Using Deep Origin DataFrames¶
This page describes how to a Deep Origin DataFrame, which are the primary object you will use to interact with a database on Deep Origin. This page will cover:
- fetching data from a Deep Origin database
- modifying data locally
- writing data back to Deep Origin
What is a Deep Origin DataFrame?
A Deep Origin DataFrame is a subclass of a pandas.DataFrame that is created from a Deep Origin database, and can easily write data back to it. Because it is a subclass of a pandas DataFrame, all pandas DataFrame methods work on Deep Origin DataFrames.
Create a DataFrame¶
Create a DataFrame using:
from deeporigin.data_hub.dataframe import DataFrame
df = DataFrame.from_deeporigin("database-id")

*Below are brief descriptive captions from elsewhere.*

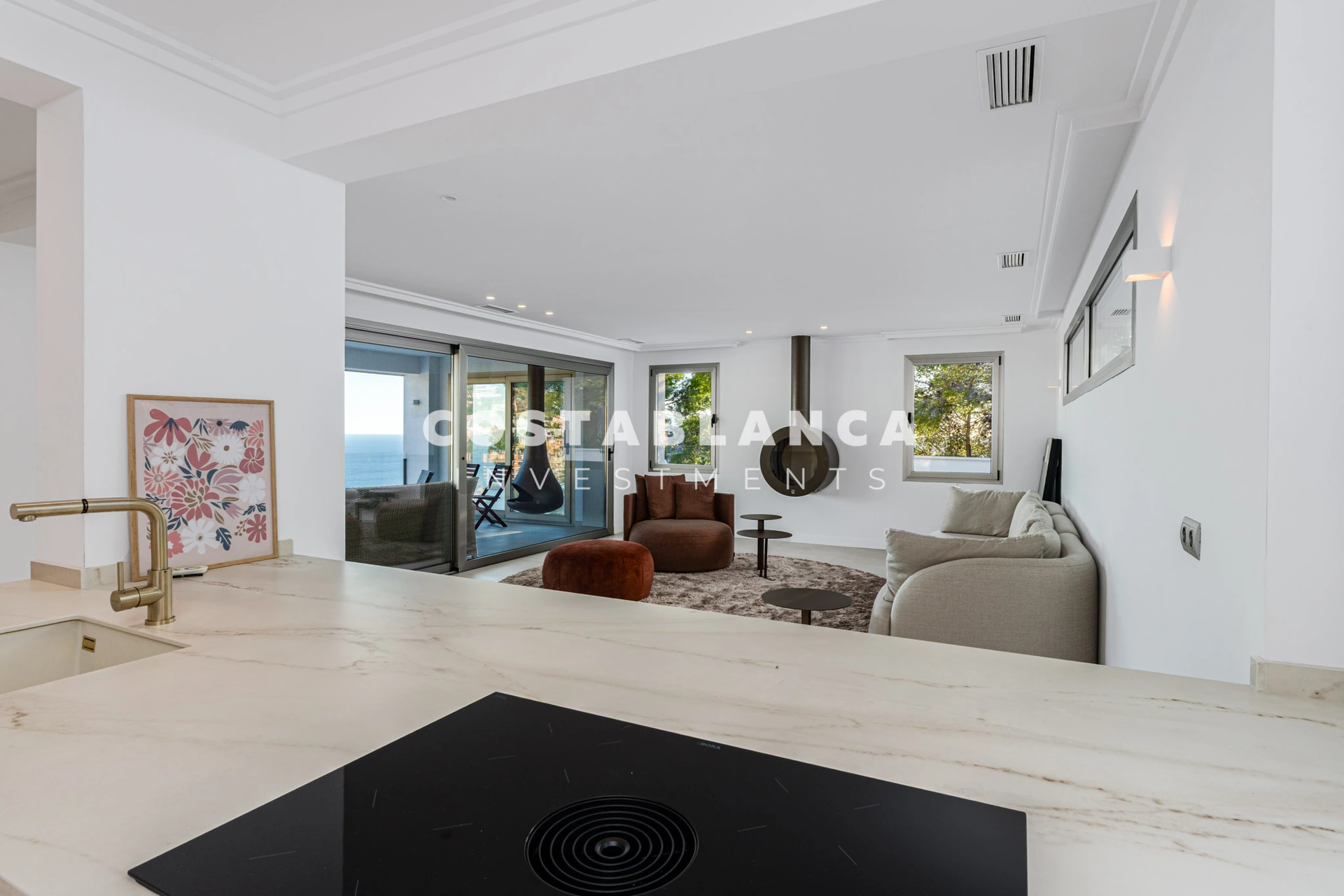Vila de lux contemporană cu vederi panoramice la Mediterană de vânzare în Altea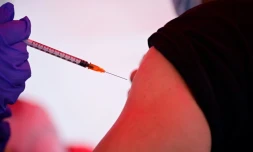 Un homme se fait vacciner dans un centre parisien le 29 juin 2021
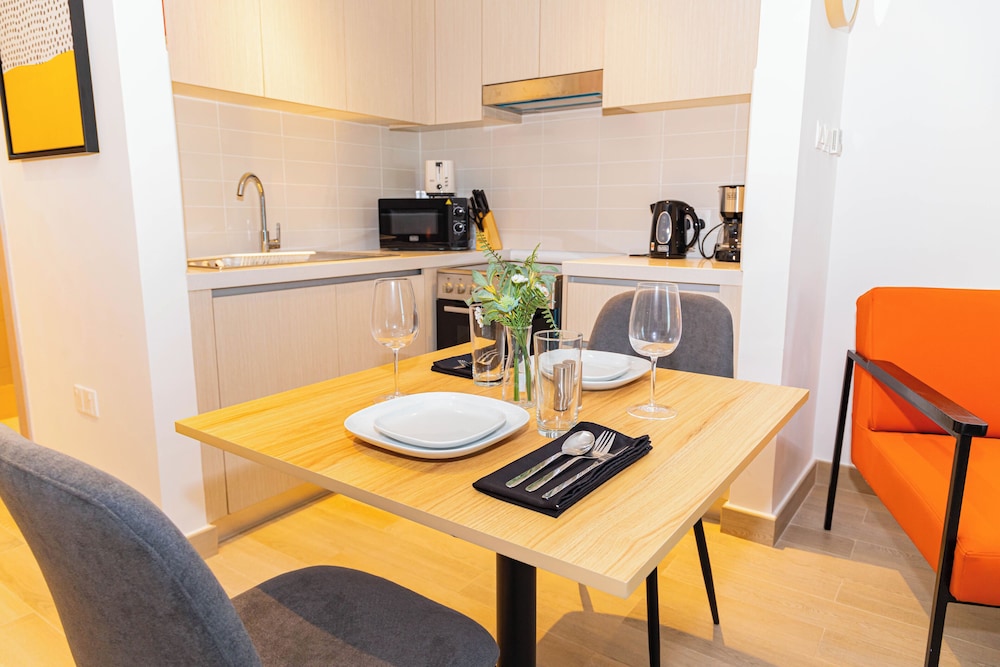 Bloomfields Modern STU in Waters Edge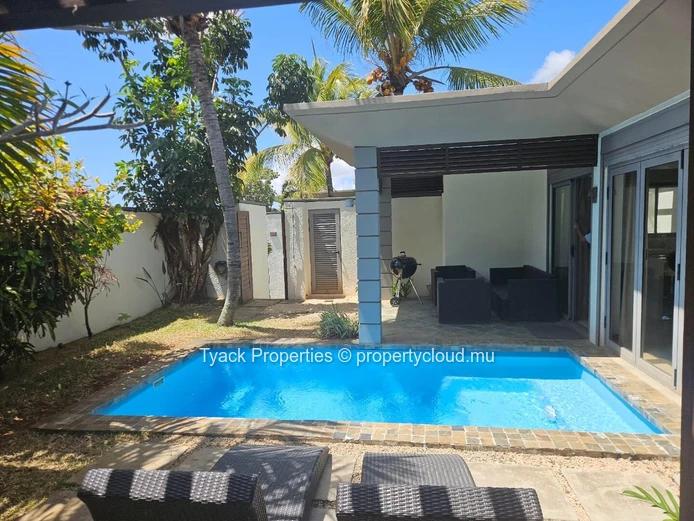 Elegant 4-Bedroom Villa with Pool and Garden – Grand Baie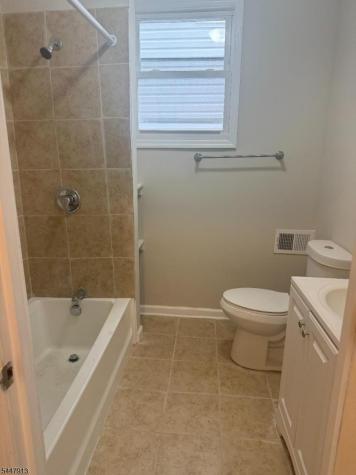 186 N 17th Street East Orange NJ 07017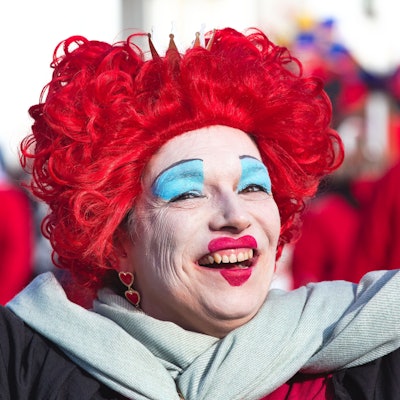 Eine Frau ist als Clown geschminkt.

In a Jupyter Lab, you should be able to view the DataFrame using:
df
which should show you something like this:
Information in the DataFrame
In addition to information you would find in the rows and columns of a pandas DataFrame, a Deep Origin DataFrame also contains metadata about the underlying database. In the view above we also see:
- The name of the database on Deep Origin.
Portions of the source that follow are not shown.